I have an experiment in which I present a subject with $n$ inputs, $\pmb{x} \in \mathbb{R}^N$. For each input, a response is produced in ~25,000 separate output variables – so for a given output variable $Y_i$, $Y_i \in \mathbb{R}^N$.

For each $Y_i, i \in [0, 25000]$ and a function $f$ that maps inputs to features, I need to determine whether a linear regression model can be used to predict $Y_i$ given $f(\pmb{x})$, and if so, calculate the accuracy of this prediction. Prediction accuracy is defined by Pearson's r between predicted output $\hat{Y}_i$ and true output $Y_i$.

The method given in a paper for this is:

For each $Y_i$:

  1. Split $\pmb{x}$ into $\pmb{x}_{train}$ and $\pmb{x}_{test}$.
  2. Use k-fold cross validation on $\pmb{x}_{train}$ to determine whether the linear regression model predicts $Y_i$ from $f(\pmb{x}_{train})$ significantly better than chance, using a p threshold of 0.01 / 25000 = 4e-6 (to correct for the number of output variables).
  3. If the linear regression model was found to predict better than chance, then calculate the prediction accuracy by training on the entire training set and evaluating on the test set.

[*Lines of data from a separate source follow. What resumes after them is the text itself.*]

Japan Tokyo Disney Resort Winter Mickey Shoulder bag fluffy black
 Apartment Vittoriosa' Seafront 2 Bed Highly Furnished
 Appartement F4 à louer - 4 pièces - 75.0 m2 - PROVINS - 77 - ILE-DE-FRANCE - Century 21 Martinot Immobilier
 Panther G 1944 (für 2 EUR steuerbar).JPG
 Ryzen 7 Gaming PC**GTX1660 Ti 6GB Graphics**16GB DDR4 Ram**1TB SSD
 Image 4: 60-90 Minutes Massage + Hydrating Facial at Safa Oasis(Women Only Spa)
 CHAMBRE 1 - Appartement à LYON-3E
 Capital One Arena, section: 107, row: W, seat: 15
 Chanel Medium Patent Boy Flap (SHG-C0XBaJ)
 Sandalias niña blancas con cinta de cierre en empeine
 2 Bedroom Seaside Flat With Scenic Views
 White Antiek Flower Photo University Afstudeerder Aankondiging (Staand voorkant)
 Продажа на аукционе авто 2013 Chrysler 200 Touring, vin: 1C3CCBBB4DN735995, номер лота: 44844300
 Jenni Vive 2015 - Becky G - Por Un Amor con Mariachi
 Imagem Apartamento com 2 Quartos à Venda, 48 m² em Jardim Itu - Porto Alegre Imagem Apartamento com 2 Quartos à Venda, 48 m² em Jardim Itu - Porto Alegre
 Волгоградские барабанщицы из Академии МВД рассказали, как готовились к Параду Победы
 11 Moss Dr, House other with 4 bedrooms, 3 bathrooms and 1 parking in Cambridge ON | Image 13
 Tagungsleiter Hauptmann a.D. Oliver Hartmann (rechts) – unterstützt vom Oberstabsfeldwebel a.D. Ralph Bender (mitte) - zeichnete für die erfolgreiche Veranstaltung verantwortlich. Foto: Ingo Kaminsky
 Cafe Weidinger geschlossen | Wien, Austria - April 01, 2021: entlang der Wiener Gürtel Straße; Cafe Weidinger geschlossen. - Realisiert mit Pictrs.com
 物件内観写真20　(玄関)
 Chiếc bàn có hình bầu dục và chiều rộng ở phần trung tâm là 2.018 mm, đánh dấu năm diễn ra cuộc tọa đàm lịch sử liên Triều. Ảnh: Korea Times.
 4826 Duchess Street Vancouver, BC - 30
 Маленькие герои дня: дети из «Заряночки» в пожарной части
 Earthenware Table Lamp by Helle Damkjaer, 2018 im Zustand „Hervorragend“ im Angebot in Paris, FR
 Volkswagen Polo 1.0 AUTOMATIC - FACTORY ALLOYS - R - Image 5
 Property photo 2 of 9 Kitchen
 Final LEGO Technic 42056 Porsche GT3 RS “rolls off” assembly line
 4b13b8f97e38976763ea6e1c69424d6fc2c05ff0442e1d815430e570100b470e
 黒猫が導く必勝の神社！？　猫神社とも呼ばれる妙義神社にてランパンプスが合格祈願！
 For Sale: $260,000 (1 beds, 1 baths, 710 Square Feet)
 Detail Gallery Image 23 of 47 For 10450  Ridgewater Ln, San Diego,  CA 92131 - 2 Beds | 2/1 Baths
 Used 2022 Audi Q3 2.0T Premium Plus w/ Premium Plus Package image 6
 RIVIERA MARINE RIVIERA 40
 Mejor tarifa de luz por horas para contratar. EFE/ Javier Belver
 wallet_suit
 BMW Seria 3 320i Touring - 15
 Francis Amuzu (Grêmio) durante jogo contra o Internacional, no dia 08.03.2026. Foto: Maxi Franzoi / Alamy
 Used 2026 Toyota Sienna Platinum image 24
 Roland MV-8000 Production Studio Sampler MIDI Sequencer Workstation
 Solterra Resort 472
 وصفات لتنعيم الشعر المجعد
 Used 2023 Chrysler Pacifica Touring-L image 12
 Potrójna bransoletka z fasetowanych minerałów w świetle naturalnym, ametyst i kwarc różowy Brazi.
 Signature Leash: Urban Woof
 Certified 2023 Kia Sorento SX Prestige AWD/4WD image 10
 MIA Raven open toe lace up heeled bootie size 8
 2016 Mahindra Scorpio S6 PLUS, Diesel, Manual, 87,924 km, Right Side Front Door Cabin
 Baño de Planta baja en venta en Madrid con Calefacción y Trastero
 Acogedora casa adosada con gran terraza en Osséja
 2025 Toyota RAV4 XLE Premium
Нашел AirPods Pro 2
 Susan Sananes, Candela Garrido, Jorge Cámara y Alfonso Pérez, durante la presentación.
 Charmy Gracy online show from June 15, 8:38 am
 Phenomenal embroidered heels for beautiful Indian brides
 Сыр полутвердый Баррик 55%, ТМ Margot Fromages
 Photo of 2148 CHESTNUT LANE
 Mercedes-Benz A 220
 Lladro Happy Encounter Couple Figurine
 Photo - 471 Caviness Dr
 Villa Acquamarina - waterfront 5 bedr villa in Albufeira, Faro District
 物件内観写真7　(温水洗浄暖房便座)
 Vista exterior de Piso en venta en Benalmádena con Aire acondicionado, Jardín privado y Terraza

My issue is with the details of step 2. I understand k-fold cross validation but I don't know what test I should be using to determine whether the prediction is better than chance from the results of the cross validation. The paper's exact wording is: "Student’s t test across cross-validated [input]", but I don't know exactly what that means here.

Clarifications

Context: We have a set of output variables $S = \{Y_i, \forall i \in [0, M]\}$. We suspect that there is a subset of these $Q = \{Y_j \in S, \text{$Y_j$ can be predicted from $f(\pmb{x})$}\} \subseteq S$, where each $Y_j$ can be predicted using a linear mapping from $f(\pmb{x})$: in other words, where a better-than-chance correlation exists between $Y_j$ and our predicted values $\hat{Y}_j$.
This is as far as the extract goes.